CB is quite taken with the Occupy movement and the notion of the 99%. I guess that is my fault for posting so much about it on Facebook and putting ideas into his head. Frankly, I don’t think that it’s every really been different from it is now in terms of where the wealth and power were concentrated. It’s just that since WWII, the 99% has been bought off with the idea of upward mobility and the notion that anyone can live the good, or at least the better, life. They blinded us with stuff and made it easy for us to acquire, but they can’t do that anymore and people are awake again to the fact that life mostly is hard work, sacrifice and it can really suck. They knew that back in the day. That’s why unions came into being and some decent politicians figured out ways to pass laws to protect workers and put curbs on corporations and banks. I have real doubts that anyone will do anything like that for the 99% again.

He was calmer and less interested in trying to come up with a way out of his dilemma today than he was when I spoke to him two days ago. He sounded defeated and a bit off.

“I was on the internet last night, looking up those other CB’s*. I don’t know who they think they are, taking my identity. I’m CB. They aren’t me,” he said.

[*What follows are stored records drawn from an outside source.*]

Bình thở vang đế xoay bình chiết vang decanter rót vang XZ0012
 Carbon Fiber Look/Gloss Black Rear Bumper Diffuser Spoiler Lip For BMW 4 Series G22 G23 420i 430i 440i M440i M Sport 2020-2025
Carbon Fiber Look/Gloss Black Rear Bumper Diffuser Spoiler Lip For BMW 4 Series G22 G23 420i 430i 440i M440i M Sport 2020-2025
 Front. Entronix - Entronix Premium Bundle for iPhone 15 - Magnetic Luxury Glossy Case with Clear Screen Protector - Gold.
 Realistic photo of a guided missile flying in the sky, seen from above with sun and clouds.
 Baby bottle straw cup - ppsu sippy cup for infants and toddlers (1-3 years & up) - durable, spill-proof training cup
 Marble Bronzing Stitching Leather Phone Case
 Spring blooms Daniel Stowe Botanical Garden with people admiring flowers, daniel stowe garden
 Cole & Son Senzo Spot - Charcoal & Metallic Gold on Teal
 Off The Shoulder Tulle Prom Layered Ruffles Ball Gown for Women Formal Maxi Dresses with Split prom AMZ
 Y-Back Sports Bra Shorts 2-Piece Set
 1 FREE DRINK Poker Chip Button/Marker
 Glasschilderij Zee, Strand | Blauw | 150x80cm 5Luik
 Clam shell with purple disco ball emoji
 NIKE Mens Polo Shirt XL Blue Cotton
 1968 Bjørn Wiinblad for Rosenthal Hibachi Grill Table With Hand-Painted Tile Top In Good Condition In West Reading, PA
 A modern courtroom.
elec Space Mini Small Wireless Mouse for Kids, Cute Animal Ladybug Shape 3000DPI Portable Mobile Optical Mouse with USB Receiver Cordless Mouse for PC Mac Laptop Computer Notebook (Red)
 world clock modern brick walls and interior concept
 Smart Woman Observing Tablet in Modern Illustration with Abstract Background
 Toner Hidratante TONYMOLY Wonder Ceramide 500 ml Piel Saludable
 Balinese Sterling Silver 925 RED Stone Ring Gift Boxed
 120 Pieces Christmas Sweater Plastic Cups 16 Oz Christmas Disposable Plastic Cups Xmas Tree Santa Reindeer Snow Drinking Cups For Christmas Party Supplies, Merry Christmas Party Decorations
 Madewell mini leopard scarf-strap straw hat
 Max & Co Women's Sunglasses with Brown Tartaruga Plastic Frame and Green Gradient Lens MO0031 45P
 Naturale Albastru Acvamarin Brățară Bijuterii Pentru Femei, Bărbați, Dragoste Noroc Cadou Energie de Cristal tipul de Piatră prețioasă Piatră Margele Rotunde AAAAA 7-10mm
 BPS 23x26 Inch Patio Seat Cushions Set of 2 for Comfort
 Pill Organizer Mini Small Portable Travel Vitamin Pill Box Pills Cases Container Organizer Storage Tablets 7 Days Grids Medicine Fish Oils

He talked a bit about DNOS,

“She didn’t want to take time to talk with me. But whatever. She sounded good. Like she is in a good place in life. I wish her the best and I really do love her.”

Then he talked about fighting and occupying again and how he lived a good life and wasn’t worried about what would happen. If it all ended, he was okay with that. It occurred to me at this point that he might be saying goodbye and I became a little more convinced of this when it was he who ended our conversation by wishing me a good day.

“You have a good guy,” he said. “I’m glad you found someone again. He seems like he has it all together. I’m happy for you. You have a good day now. I love you.”

“I love you too,” I said. “I’ll talk to you soon.”

“Sure.”

And that was it. I don’t know if I will hear from him again.

*CB can be a bit delusional when he’s in this mode. People write him off as a drunk with anger management issues, but they did that with Will during that year before he was diagnosed with his illness. It’s easy to mistake real mental issues for substance abuse problems because people tend to turn to alcohol when they begin experiencing symptoms in an attempt to “medicate” themselves. I don’t think they realize that they are doing it and I don’t think those around them do either. I am perhaps more sensitive to this than others given my history, but I also spent more than my fair share of my teaching career working with kids who suffered from mental health issues – some quite severe. You don’t easily forget when you’ve known people who are not right in thought due to illness.